An exact copy of each record is required.
━━━━━━━━━━━━━━━━━━━━
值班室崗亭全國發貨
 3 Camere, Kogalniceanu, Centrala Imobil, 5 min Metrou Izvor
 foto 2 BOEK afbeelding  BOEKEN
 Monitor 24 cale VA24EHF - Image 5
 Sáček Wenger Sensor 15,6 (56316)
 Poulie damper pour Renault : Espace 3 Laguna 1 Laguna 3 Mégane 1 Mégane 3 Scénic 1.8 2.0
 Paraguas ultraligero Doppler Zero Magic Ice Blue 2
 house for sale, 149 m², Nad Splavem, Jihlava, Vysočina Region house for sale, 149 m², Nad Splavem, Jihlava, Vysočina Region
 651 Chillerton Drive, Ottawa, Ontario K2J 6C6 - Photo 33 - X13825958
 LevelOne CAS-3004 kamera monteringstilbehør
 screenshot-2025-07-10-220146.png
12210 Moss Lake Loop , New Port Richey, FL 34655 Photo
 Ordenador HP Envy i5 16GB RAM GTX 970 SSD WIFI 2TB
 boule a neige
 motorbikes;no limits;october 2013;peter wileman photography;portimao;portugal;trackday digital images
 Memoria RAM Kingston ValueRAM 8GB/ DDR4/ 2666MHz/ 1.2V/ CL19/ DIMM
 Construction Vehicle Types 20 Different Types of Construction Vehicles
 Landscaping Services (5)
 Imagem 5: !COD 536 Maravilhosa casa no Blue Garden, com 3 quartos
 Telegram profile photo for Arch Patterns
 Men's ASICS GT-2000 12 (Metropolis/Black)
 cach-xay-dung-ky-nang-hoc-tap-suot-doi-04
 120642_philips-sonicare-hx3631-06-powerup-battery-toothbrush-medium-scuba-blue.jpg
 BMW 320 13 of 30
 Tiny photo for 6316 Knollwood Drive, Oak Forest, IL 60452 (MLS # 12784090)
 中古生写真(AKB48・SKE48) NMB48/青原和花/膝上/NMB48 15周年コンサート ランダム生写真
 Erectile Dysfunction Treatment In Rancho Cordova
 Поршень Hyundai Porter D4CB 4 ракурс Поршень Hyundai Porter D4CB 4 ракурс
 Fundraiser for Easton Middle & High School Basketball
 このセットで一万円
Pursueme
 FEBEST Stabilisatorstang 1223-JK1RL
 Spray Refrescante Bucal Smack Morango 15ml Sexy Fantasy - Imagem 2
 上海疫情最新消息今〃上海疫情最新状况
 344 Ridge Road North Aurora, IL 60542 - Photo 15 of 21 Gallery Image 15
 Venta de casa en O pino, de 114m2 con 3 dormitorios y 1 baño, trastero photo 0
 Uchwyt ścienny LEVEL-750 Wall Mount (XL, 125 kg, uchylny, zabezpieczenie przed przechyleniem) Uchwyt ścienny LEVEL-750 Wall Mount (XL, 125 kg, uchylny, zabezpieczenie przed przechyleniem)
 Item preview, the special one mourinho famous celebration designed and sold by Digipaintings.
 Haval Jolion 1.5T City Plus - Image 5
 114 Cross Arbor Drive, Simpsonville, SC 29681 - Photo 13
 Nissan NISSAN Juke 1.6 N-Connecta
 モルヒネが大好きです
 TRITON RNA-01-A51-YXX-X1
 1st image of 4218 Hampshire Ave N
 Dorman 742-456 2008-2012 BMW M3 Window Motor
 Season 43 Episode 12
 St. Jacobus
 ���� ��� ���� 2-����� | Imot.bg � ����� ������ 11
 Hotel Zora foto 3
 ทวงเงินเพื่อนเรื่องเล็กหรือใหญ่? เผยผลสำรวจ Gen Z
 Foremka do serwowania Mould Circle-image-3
━━━━━━━━━━━━━━━━━━━━
- _Exercise response_:
值班室崗亭全國發貨
 3 Camere, Kogalniceanu, Centrala Imobil, 5 min Metrou Izvor
 foto 2 BOEK afbeelding  BOEKEN
 Monitor 24 cale VA24EHF - Image 5
 Sáček Wenger Sensor 15,6 (56316)
 Poulie damper pour Renault : Espace 3 Laguna 1 Laguna 3 Mégane 1 Mégane 3 Scénic 1.8 2.0
 Paraguas ultraligero Doppler Zero Magic Ice Blue 2
 house for sale, 149 m², Nad Splavem, Jihlava, Vysočina Region house for sale, 149 m², Nad Splavem, Jihlava, Vysočina Region
 651 Chillerton Drive, Ottawa, Ontario K2J 6C6 - Photo 33 - X13825958
 LevelOne CAS-3004 kamera monteringstilbehør
 screenshot-2025-07-10-220146.png
12210 Moss Lake Loop , New Port Richey, FL 34655 Photo
 Ordenador HP Envy i5 16GB RAM GTX 970 SSD WIFI 2TB
 boule a neige
 motorbikes;no limits;october 2013;peter wileman photography;portimao;portugal;trackday digital images
 Memoria RAM Kingston ValueRAM 8GB/ DDR4/ 2666MHz/ 1.2V/ CL19/ DIMM
 Construction Vehicle Types 20 Different Types of Construction Vehicles
 Landscaping Services (5)
 Imagem 5: !COD 536 Maravilhosa casa no Blue Garden, com 3 quartos
 Telegram profile photo for Arch Patterns
 Men's ASICS GT-2000 12 (Metropolis/Black)
 cach-xay-dung-ky-nang-hoc-tap-suot-doi-04
 120642_philips-sonicare-hx3631-06-powerup-battery-toothbrush-medium-scuba-blue.jpg
 BMW 320 13 of 30
 Tiny photo for 6316 Knollwood Drive, Oak Forest, IL 60452 (MLS # 12784090)
 中古生写真(AKB48・SKE48) NMB48/青原和花/膝上/NMB48 15周年コンサート ランダム生写真
 Erectile Dysfunction Treatment In Rancho Cordova
 Поршень Hyundai Porter D4CB 4 ракурс Поршень Hyundai Porter D4CB 4 ракурс
 Fundraiser for Easton Middle & High School Basketball
 このセットで一万円
Pursueme
 FEBEST Stabilisatorstang 1223-JK1RL
 Spray Refrescante Bucal Smack Morango 15ml Sexy Fantasy - Imagem 2
 上海疫情最新消息今〃上海疫情最新状况
 344 Ridge Road North Aurora, IL 60542 - Photo 15 of 21 Gallery Image 15
 Venta de casa en O pino, de 114m2 con 3 dormitorios y 1 baño, trastero photo 0
 Uchwyt ścienny LEVEL-750 Wall Mount (XL, 125 kg, uchylny, zabezpieczenie przed przechyleniem) Uchwyt ścienny LEVEL-750 Wall Mount (XL, 125 kg, uchylny, zabezpieczenie przed przechyleniem)
 Item preview, the special one mourinho famous celebration designed and sold by Digipaintings.
 Haval Jolion 1.5T City Plus - Image 5
 114 Cross Arbor Drive, Simpsonville, SC 29681 - Photo 13
 Nissan NISSAN Juke 1.6 N-Connecta
 モルヒネが大好きです
 TRITON RNA-01-A51-YXX-X1
 1st image of 4218 Hampshire Ave N
 Dorman 742-456 2008-2012 BMW M3 Window Motor
 Season 43 Episode 12
 St. Jacobus
 ���� ��� ���� 2-����� | Imot.bg � ����� ������ 11
 Hotel Zora foto 3
 ทวงเงินเพื่อนเรื่องเล็กหรือใหญ่? เผยผลสำรวจ Gen Z
 Foremka do serwowania Mould Circle-image-3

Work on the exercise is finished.